Mermelada de pexego y vainilla





En el tesoro que son las entrevistas de Joaquín Soler Serrano para TVE brilla su conversación con Álvaro Cunqueiro. Memorable la cita del escritor de los conocimientos inútiles de Bertrand Russell y su aplicación a la gastronomía. Además de explicarnos que las nécoras de la ría de Vigo (Portumnus puber, aunque creo que Cunqueiro mezcla los nombres científicos de dos especies diferentes) le saben mejor desde que sabe que Portumnus era un dios romano protector de los puertos, y que las centollas (Maia squinado) le saben mejor desde que le remiten a Maia, la estrella más brillante de las Pléyades, se hace eco de la teoría del filósofo inglés de la llegada desde el lejano Oriente de los melocotones: sus huesos venían en los zurrones de los soldados chinos capturados por las tropas del rey indio Kanishka, y de ahí pasaron primero a Persia y luego al Imperio romano. Russell expone que "apricot" nació de una etimología falsa que antepuso una "a" a precoz, debido a la maduración temprana del fruto, una historia que también cita Cunqueiro, aunque le añade otra, al atribuir el nombre gallego del pexego (Prunus persica) a su paso por Persia en su viaje hacia Occidente (de hecho, el Diccionario de la Academia Española incluye esta acepción para la voz "pérsico").

No pude evitar recordar toda esta erudición "inútil" cuando me trajeron a casa un par de kilos de pexegos, también con su historia: proceden de unos pexegueiros que crecieron silvestres de los huesos de los frutos que un día llevó mi padre para comer algo mientras trabajaba la tierra y que tiró sin pensárselo demasiado al borde de la huerta. Como os imaginaréis, al saber de su procedencia, estos pexegos me saben mucho mejor, como también disfruto mucho más del artículo de Russell desde que encontré en Internet tirada de precio la primera edición del libro que incluye el celebrado texto y que aún luce el ex libris de su anterior dueño, James Stanley Little, secretario de la Sociedad de Autores británica a finales del siglo XIX.
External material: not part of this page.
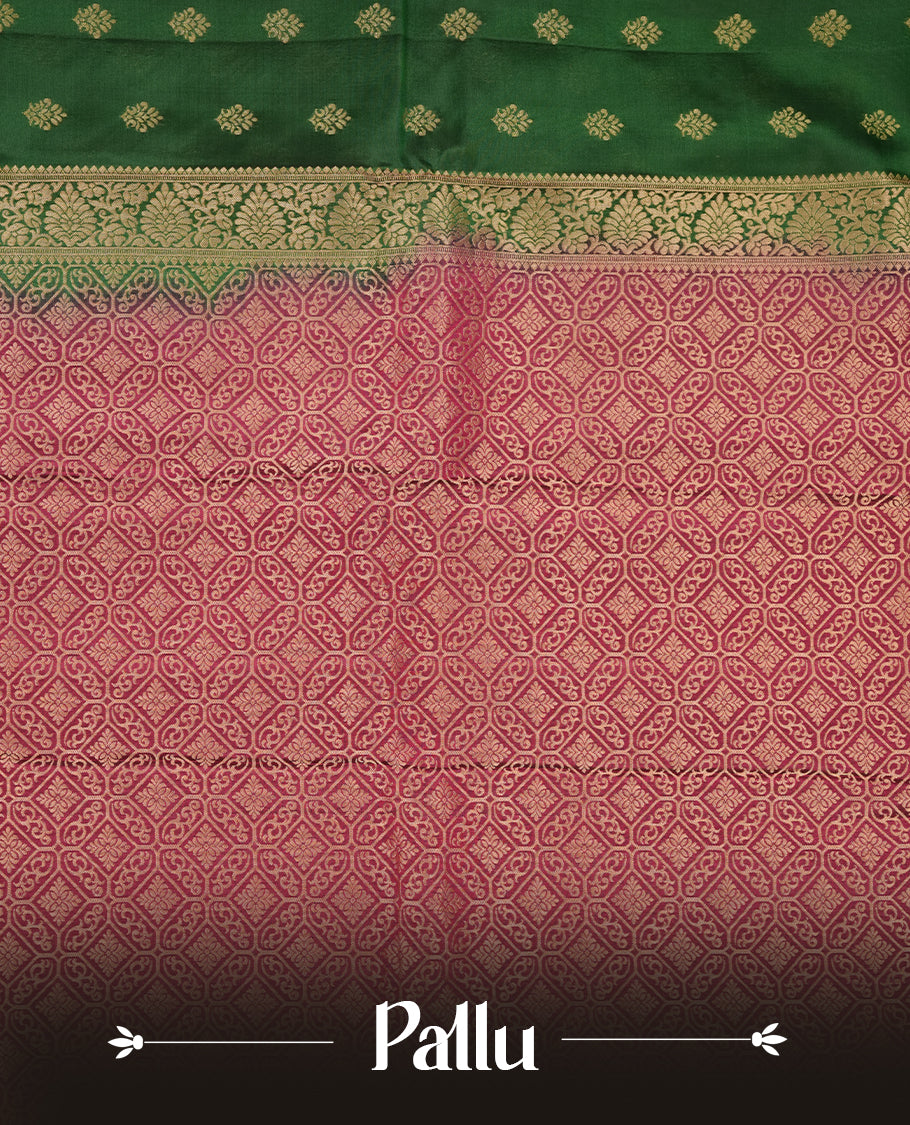 Green colour soft silk saree featuring gold zari motifs on the body, complemented by a contrast Maroon traditional zari border and pallu, paired with a matching blouse piece.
Con estos antecedentes, era obligado hacer algo especial con los pexegos, pero conservando una relativa sencillez. En uno de los primeros libros de cocina que compré, Conservas, de Oded Schwartz, hace muchos años en la liquidación de la que fue mi librería durante toda la infancia y primera juventud (lo que, evidentemente, hace que le tenga mucho más cariño), encontré una receta de mermelada de melocotón y vainilla que tomé como inspiración.

Empecé por escaldar los pexegos para pelarlos y luego quitarles los huesos. Corté la carne, blanca por el interior y de un rojo granate por su cara exterior, en pequeños trozos, que puse en una olla con el zumo de un limón grande y unos corazones de manzana para que ganase algo más de pectina. Como la fruta pesaba kilo y medio añadí algo más de un kilo de azúcar y dos vainas de vainilla, lo llevé a ebullición y luego bajé el fuego hasta conseguir una pulpa. Después de un cuarto de hora subí de nuevo la potencia para alcanzar el punto de cuajado (105 grados) y pasar la mermelada a tarros esterilizados.

La mermelada está rica, muy rica, pero a mí me sabe mucho mejor, claro, por todo lo que lleva detrás. Y creo que a Cunqueiro le habría gustado el añadido de la vainilla a los pexegos. Seguro.